» Task objective:
Go through the listing below, and from the line containing "this 1280×900 image." through its last line, transcribe every line exactly, skipping pictures.
Segment Start: Dataset entries
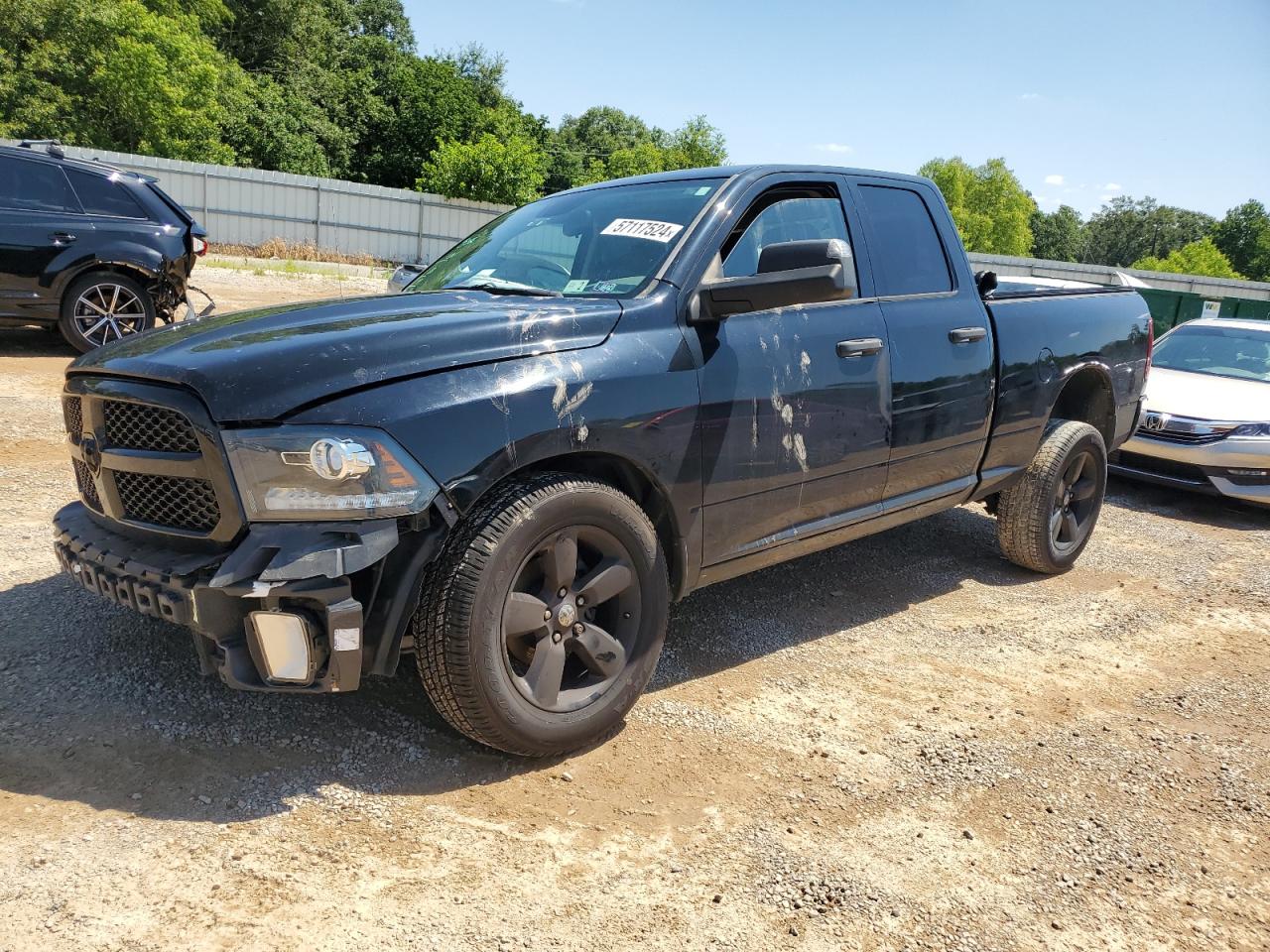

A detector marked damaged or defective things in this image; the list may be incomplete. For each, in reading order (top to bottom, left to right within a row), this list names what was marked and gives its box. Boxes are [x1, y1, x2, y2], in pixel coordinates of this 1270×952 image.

black damaged suv [0, 141, 205, 350]
broken suv bumper [55, 502, 446, 695]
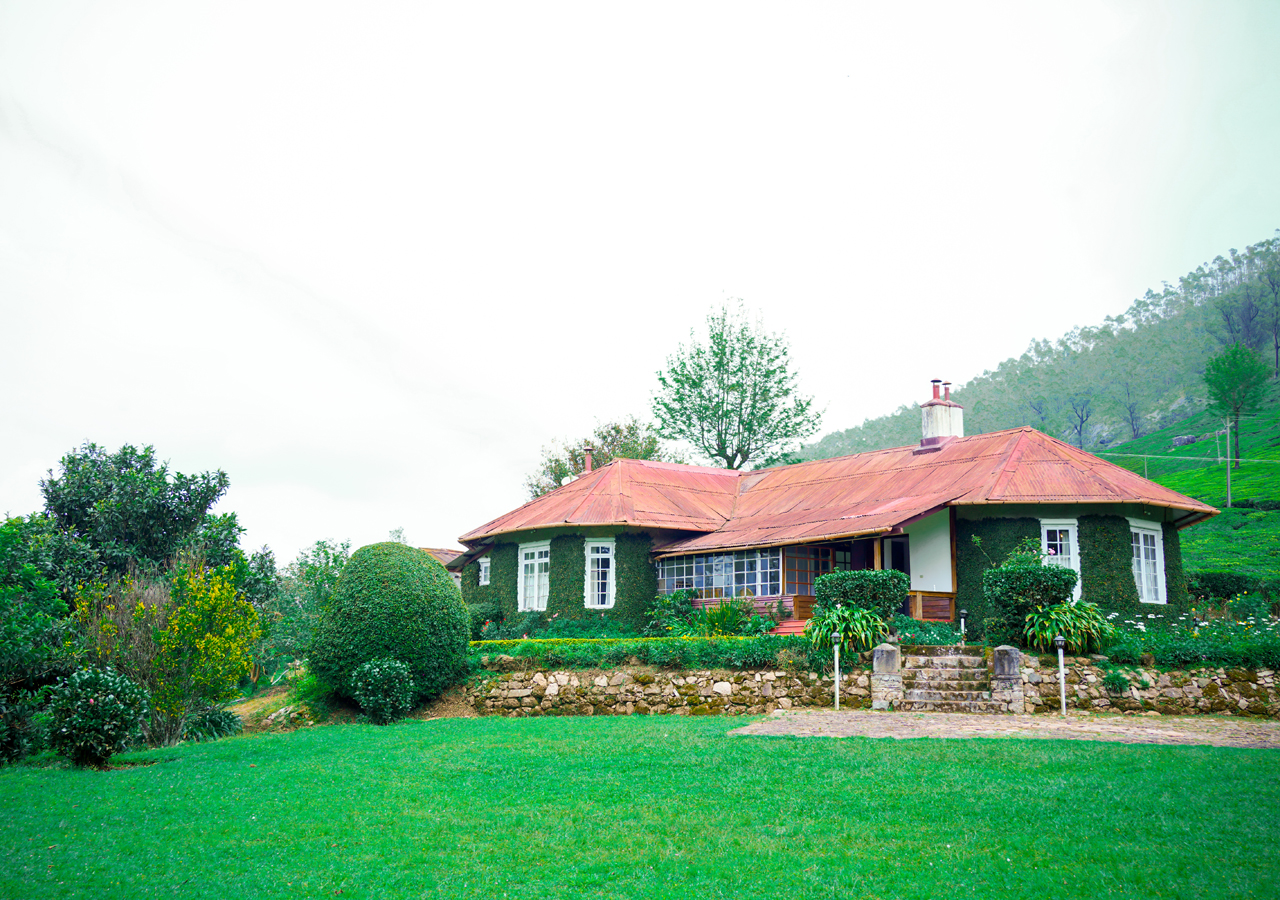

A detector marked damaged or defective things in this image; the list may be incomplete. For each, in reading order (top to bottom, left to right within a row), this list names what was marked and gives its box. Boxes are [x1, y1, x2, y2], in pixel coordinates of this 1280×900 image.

rusty red roof [456, 426, 1216, 552]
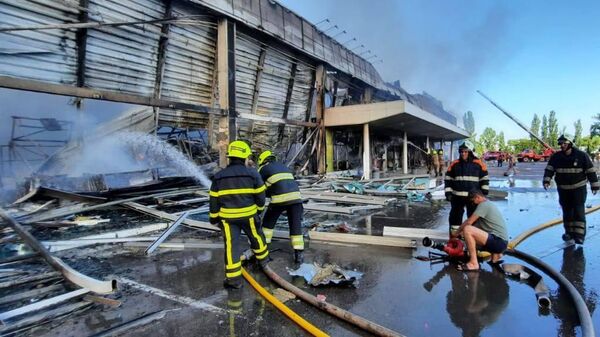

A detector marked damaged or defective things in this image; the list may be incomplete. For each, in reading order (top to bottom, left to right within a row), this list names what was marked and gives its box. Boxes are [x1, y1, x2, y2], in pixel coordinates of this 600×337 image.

broken wood plank [308, 230, 414, 248]
broken wood plank [382, 226, 448, 242]
crumpled metal debris [288, 262, 364, 284]
broken wood plank [0, 282, 64, 306]
broken wood plank [0, 288, 90, 322]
Segment End: Dataset entries
» Output below:
A detector marked damaged or defective things in this image; the list may be incomplete. For each, in reading order (top to bottom, left to right within a row), this list names what was marked and gives its box. Boxes are [x1, y1, x2, y2], in pixel coordinates of this 1280×900 image.

rusty red roof [456, 426, 1216, 552]

A detector marked damaged or defective things in this image; the list may be incomplete. For each, in reading order (top to bottom, left to right within a row), this list names what was marked and gives its box. Boxes are [x1, y1, x2, y2], in pixel coordinates of this 600×337 image.

broken wood plank [308, 230, 414, 248]
broken wood plank [382, 226, 448, 242]
crumpled metal debris [288, 262, 364, 284]
broken wood plank [0, 282, 64, 306]
broken wood plank [0, 288, 90, 322]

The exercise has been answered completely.